Following the approach outlined in the IFT framework as stated above, regarding video interaction this research will focus on the preferred structure of the video environment (video patches), the way navigation through the environment is supported (video scent), and the problems people have to solve (bridging gaps).

1.3.1 Video patches

The patchy structure of the information environment can be observed at various levels. For example, the World Wide Web consists of portals, web sites, web pages, and parts of pages. Each of them can be considered patches, and people switch between patches at the same level via hyperlinks, or go up and down in the hierarchy. Search tools provide result sets which can be seen as newly created patches, where the individual result items are interrelated by having the same keywords (the ones used in the query). Video works the same way. Each individual video is a patch, often containing a narrative structure and consisting of a number of smaller segments. At a higher level, groups of videos are also patches. The best examples of these are TV-related patches: video on the same TV channel or from the same broadcasting company. But all videos with Bill Murray or from Monty Python or made in Japan are also video patches. Even the group of videos that my friend likes, or those that are all on my hard disk, are patches. The concept “patch” as a structural unit is very broad. Whenever a user has a reason to consider objects as belonging together, they form a patch. Patches provide a structure that is user-based, and as such it is a broader concept than classification, which is often more document-based. The most important thing, of course, is that – from the user’s point of view – those patches have meaning and are usable or pleasurable in some way. People structure their environment in patches, and ideally the information environment is designed in such a way that the patches in it match the patches people have in their minds.

(22)

Within a video we can also distinguish patches. Video patches can be defined as collections of video fragments sharing a certain characteristic (van Houten, van Setten & Schuurman, 2003), e.g. they contain the same meaningful elements or have a narrative relationship. From the IFT point of view a video is a construct that generates scent, with components that also generate scent. A video can be looked at as a database containing individual video fragments (Manovich, 2000). The original narrative of the video is “only” one out of many ways of organizing and relating the individual items. So, the original video - as the video maker intended - is a specific kind of video patch. Other patches are subsets of fragments from that video or from a video collection. A simple example of a within-video patch would be the highlights of a football game. On a website like YouTube.com, people upload homemade compilations, such as the highlights of a football player’s career. People often want to structure the information environment in their own way, so that the “decodings are likely to be different from the

encoder’s intended meaning” (Hall, 1980).
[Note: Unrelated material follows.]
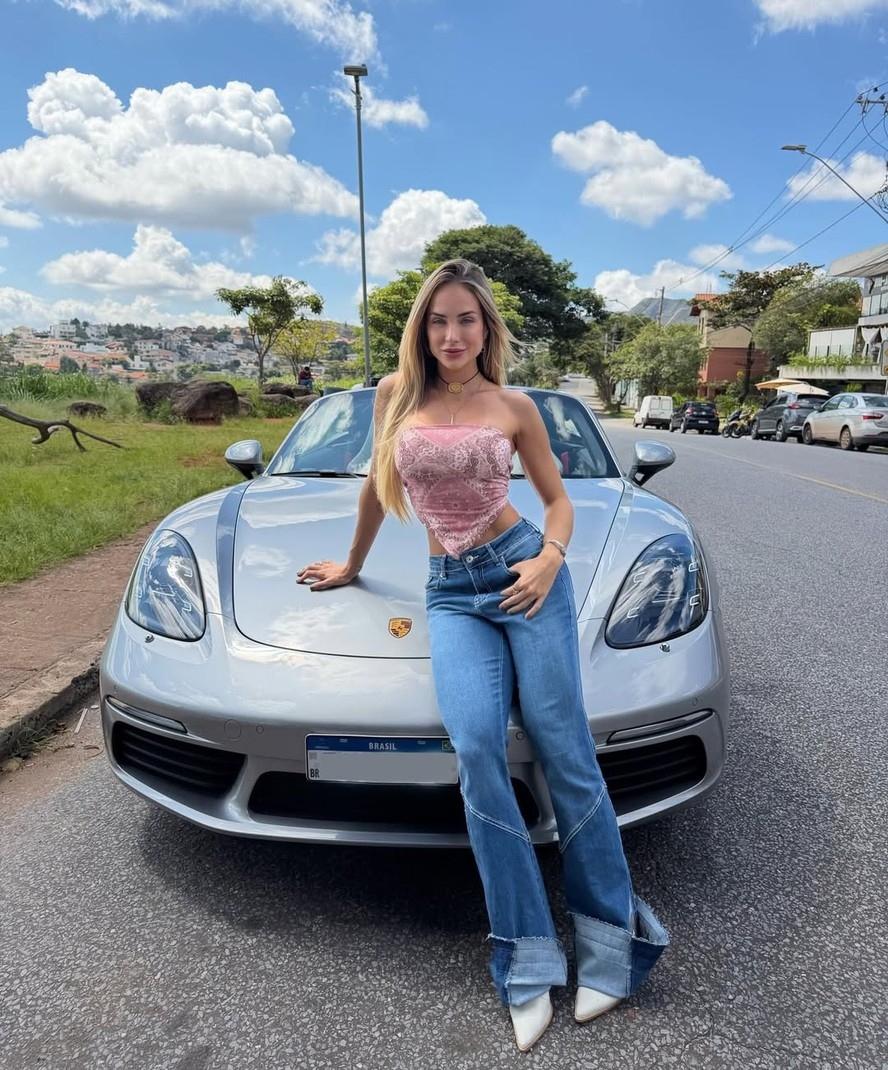 Ex-BBB compra carrão 'igual da Barbie': 'Sempre foi meu sonho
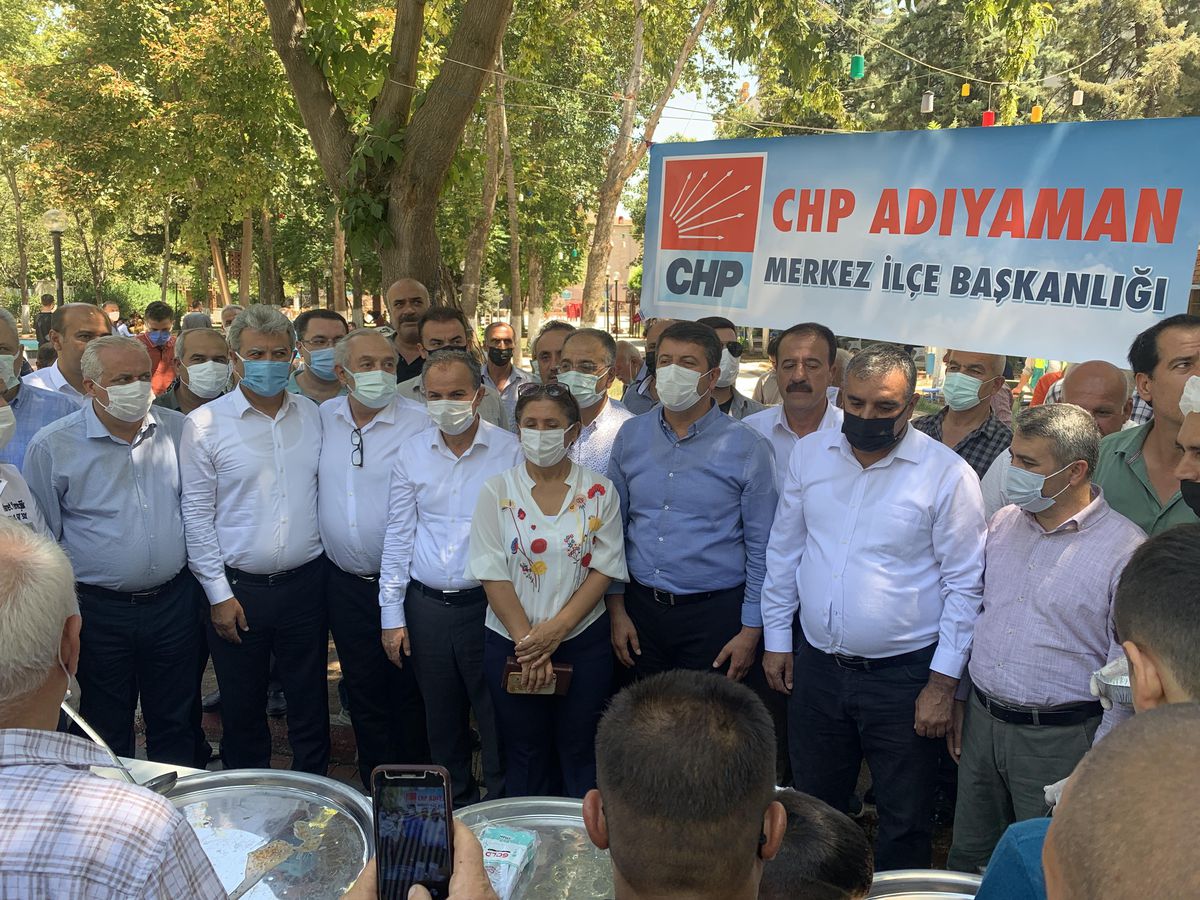 Adıyaman\'da muharrem ayı dolayısıyla vatandaşlara aşure ikram edildi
The attributes that “glue” together segments into video patches may vary along many dimensions. The important thing is that they are useful for the end-user. Examples of patches may be all videos/fragments about a certain subject, such as politics; containing a certain person, for example Damien Hirst; related to a certain event, such as the Football World Cup; with songs in a certain language, such as Norwegian; recommended by my friend Paul; containing a large area of blue; and so on. Patches can form a

heterarchic patchwork or a hierarchy, and several combinations of attributes can be combined in a patch. Selecting a patch gives the user a specific view on the content. In a video environment where patches are created, patches provide a means to filter video content, as users can browse a patch and ignore video fragments not belonging to the patch. Video fragments within the patch will at the same time probably belong to a number of different patches. Links to these patches can be shown to the user. This will allow users to switch to other patches when their evolving information need, as they browse, gives them new ideas. Such patches form a hyperlinked network above the video data that can be browsed (van Houten, Schuurman & Verhagen, 2004). For these links to be effective they need to be expressed in attributes/tags that carry the appropriate scent of the related patches.

1.3.2 Video scent

IFT describes how people make the decision to forage a patch, or leave a patch to find another one. These decisions are guided by the scent that is perceived. When there is a match between (associations with) elements in the information environment and (associations with) the user’s goals or

(23)

VIDEO FORAGING 11

interests, the elements give off scent. People adapt their scent-following strategies to the flux of information in the environment. If the scent is strong, the information forager can make the appropriate choice. If there is no scent the forager can only perform a “random walk” through the environment, or quit altogether.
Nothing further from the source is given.